6.5. Waivers. No waiver by any party hereto of any default with respect to any provision, condition or requirement of this Agreement shall be deemed to be a continuing waiver in the future or a waiver of any other provision, condition or requirement hereof, nor shall any delay or omission of any party to exercise any right hereunder in any manner impair the exercise of any such right accruing to it thereafter. This provision constitutes a separate right granted to the Purchaser by the Company and DSR.
6.6. Headings. The article, section and subsection headings in this Agreement are for convenience only and shall not constitute a part of this Agreement for any other purpose and shall not be deemed to limit or affect any of the provisions hereof.
6.7. Successors and Assigns. This Agreement shall be binding upon and inure to the benefit of the parties and their successors and assigns. The Purchaser may assign the Securities and its rights under this Agreement and the other Transaction Documents and any other rights hereto and thereto without the consent of the Company or DSR. Neither the Company nor DSR may assign or delegate any of its rights or obligations hereunder or under any Transaction Document.
6.8. No Third Party Beneficiaries.
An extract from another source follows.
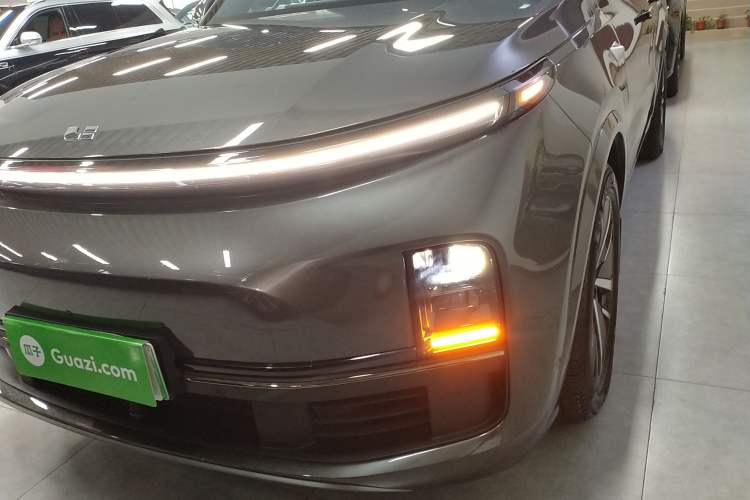 Used Li Auto L8 2024 Pro Model Left Front Headlight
This Agreement is intended for the benefit of the parties hereto and their respective permitted successors and assigns and is not for the benefit of, nor may any provision hereof be enforced by, any other person or entity.
6.9. Governing Law. Jurisdiction.
(a) With respect to the issuance, subscription, redemption, conversion,exercise or any other transaction of any kind resulting from the terms and conditions applicable to any of the Securities issued or to be issued by the Company, this Agreement shall be governed by and construed in accordance with the laws of France, without giving effect to any of the conflicts of law principles that would result in the application of the substantive law of another jurisdiction. The parties agree that venue for any dispute arising under or in connection with this Agreement with respect to the issuance, subscription, redemption, conversion, exercise or any other transaction of any kind resulting from the terms and conditions applicable to any of the Securities issued or to be issued by the Company will lie exclusively in the Paris Commercial Court (Tribunal de commerce de Paris).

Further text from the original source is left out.